In the case of thyroid cancer, HRQoL concerns may arise following adverse treatment outcomes [28]. Symptoms commonly associated with decreased HRQOL include insomnia, sleep disorders, memory problems, difficulty concentrating, and neuromuscular complaints [33,38].

Furthermore, apprehension regarding the possibility of cancer returning is a widespread concern for all types of cancer and is also an anxiety present in the context of thyroid cancer, again, even when the prognosis is favorable [33].

Patients must have access to information about how their quality of life can be affected by this diagnosis and the treatment that accompanies it [7,40,41]. Furthermore, this information is essential for developing intervention strategies to improve HRQoL [7].

Psychological well-being is influenced by treatment, the possibility of the emergence of another cancer or the recurrence/metastasis of the subsequent malignant disease, and future diagnostic tests [3,40,41].

Regarding the social aspect of HRQoL, [4,41,42]] explored the impact of thyroid cancer on patient-partner dynamics, as well as sexual activity. They identified that a significant portion of their sample reported perceptions of negative or mixed changes in relationships, along with a decrease in the frequency of sexual activity [4]). The results lead the authors to consider that such changes may be indicative of increased anxiety and depression, as well as a lower quality of relationships in patients with differentiated thyroid carcinoma (DTC). Another study conducted by [6] reveals that, in general, it is patients, and not their partners, who face symptoms of anxiety after thyroid cancer diagnosis and treatment. Furthermore, they highlight that patients and their partners feel overwhelmed in various ways at the time of diagnosis and treatment, which is expressed predominantly through fatigue [6]. They also identified that, when perceived as a burden, this feeling was associated with depressive symptoms, anxiety, and fatigue, especially in women. In contrast, the predominant symptom in men was just fatigue [6].

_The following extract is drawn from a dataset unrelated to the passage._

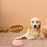 Pet Communication Sound Button Recordable Voice Trainer Gift for Interactive Training - Pink - 3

Furthermore, this social dimension can be affected by persistent restrictions on the resumption of daily life, manifesting itself in the interruption or difficulty in domestic activities, in the reduction of weekly working hours due to increased fatigue, and in the impact that cancer has on the patient's family dynamics [3,8,17]. Additionally, if adequate management of the patient's suffering is not carried out, the problem of isolation may arise [3].

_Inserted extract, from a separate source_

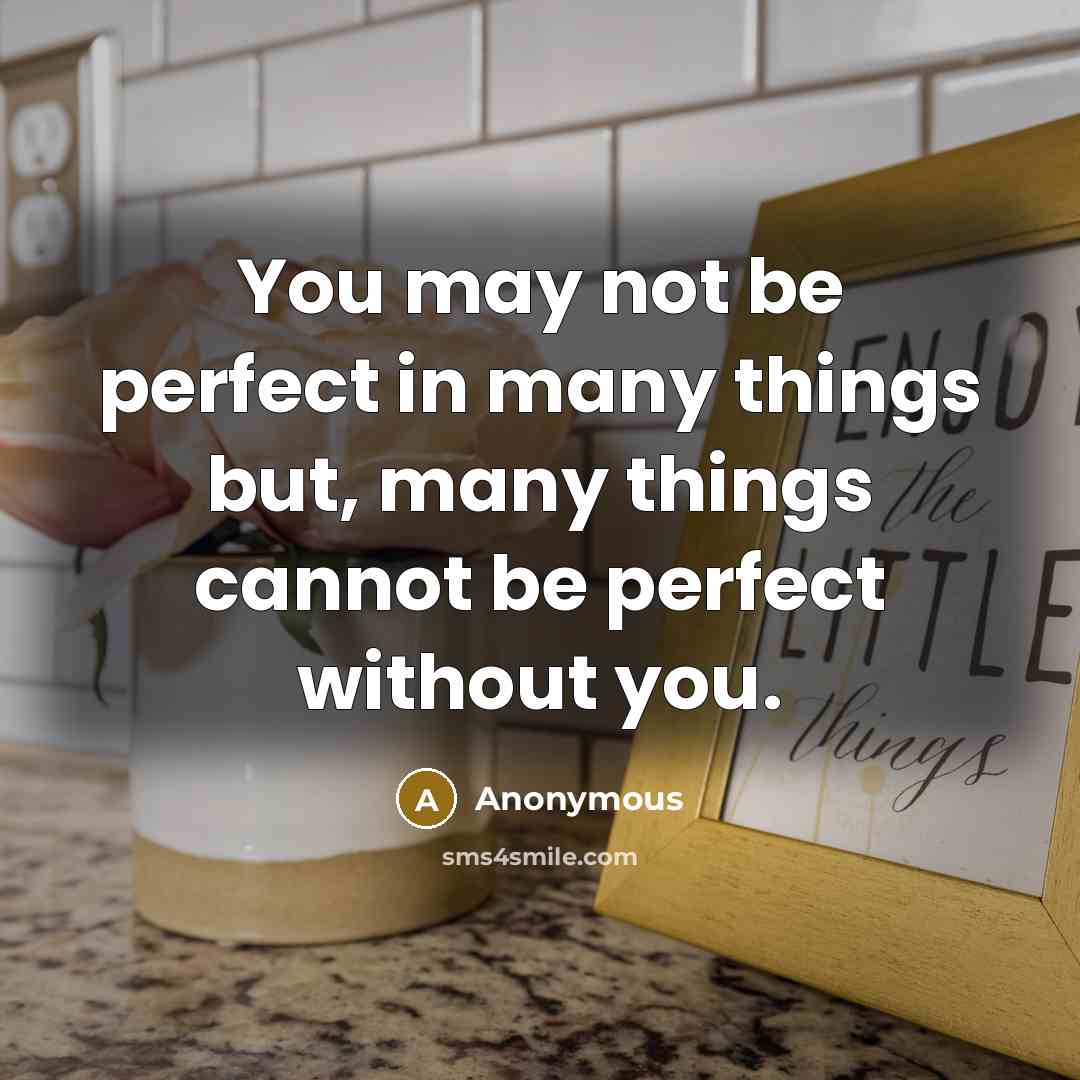 “You may not be perfect in many things but, many…” quote by Anonymous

Additionally, the treatment of differentiated thyroid cancer has significant emotional repercussions for the patient [14]. As previously mentioned, radioactive iodine therapy requires isolation, making this period challenging for the physician [9]. Thus, the prevalence of distress in patients is high even before this therapy [9]. [10] highlight that although medical care for patients with thyroid cancer is well-established in medicine, the patient experience does not reflect this simplicity. Medical care alone is insufficient to meet the needs for monitoring and social support they perceive.

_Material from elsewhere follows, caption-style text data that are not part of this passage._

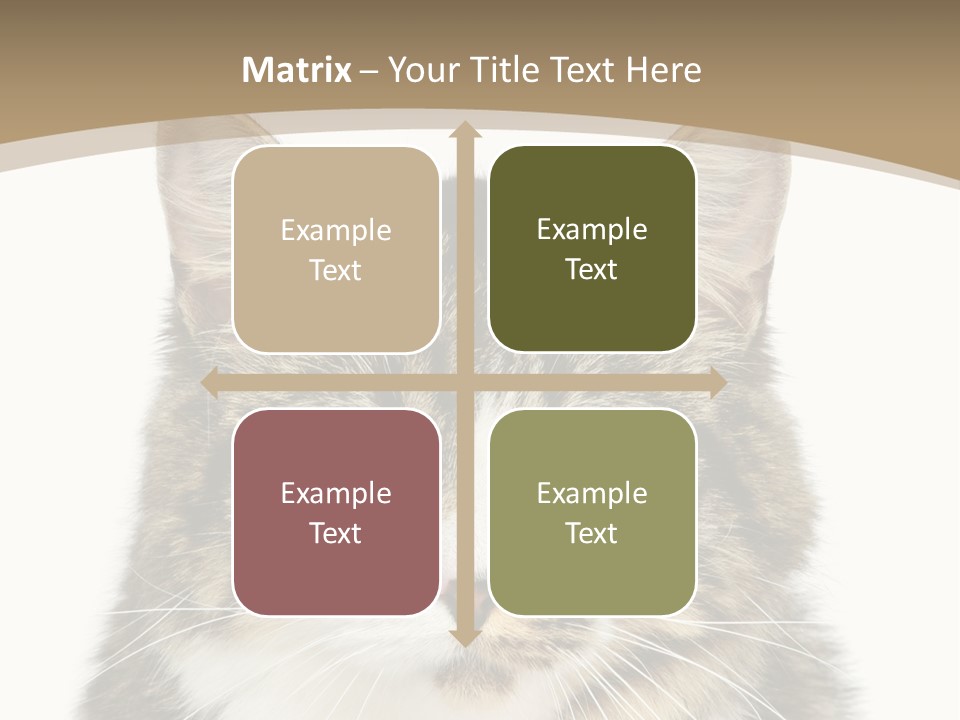 Predator Kitty Baby PowerPoint Template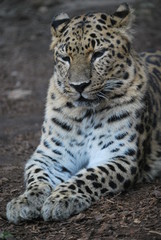 Naklejka na ściany i meble Close up of a Leopard Cat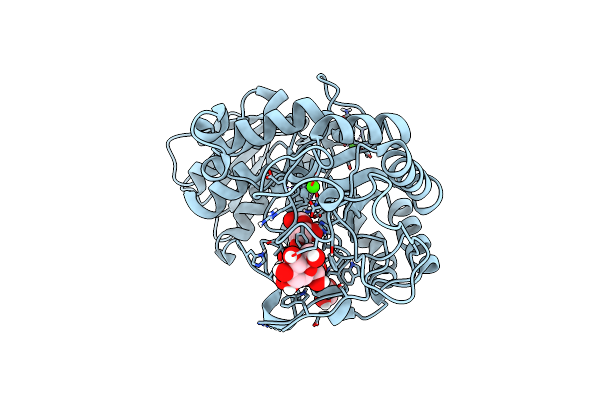6IYG image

The study by [5] analyzed correlations between Benefit Found (BF) and psychological adjustment in thyroid cancer with demographic variables. They found that older age is associated with greater self-acceptance and spiritual well-being. However, female sex is related to less positive change in substance use and higher levels of stress linked to cancer. Furthermore, having a partner or a higher income was associated with a greater purpose in life. In summary, this study revealed that age and gender play crucial roles in the experiences and adjustment of cancer patients, impacting aspects ranging from psychological well-being to quality of life and the impact on professional life [5].

It is positive to realize that studies have been carried out to understand the influence of treatments on the quality of life of these patients. For example, the study by [21] sought to understand whether different types of surgery affect a patient's quality of life by comparing the effects of hemorrhoidectomy and complete thyroidectomy in patients with differentiated thyroid cancer. It was concluded that the type of surgery does not appear to have a distinct influence on quality of life in general [21].

In summary, psychological care and rehabilitation play an essential role in the management of thyroid cancer, ensuring adequate emotional and social support for patients during and after the completion of cancer therapy to achieve complete recovery in terms of psychosocial [12,41]. In this sense, the development of psychological intervention programs is encouraged, aiming at rehabilitation and a complete return to patients' social roles before treatment [13,41]. Each phase in the treatment of patients with thyroid cancer can impact different facets of the overall quality of life. As healthcare professionals, we must recognize that we are responsible for providing an accurate diagnosis, appropriate treatment, and care to restore balance in our patient's quality of life [3].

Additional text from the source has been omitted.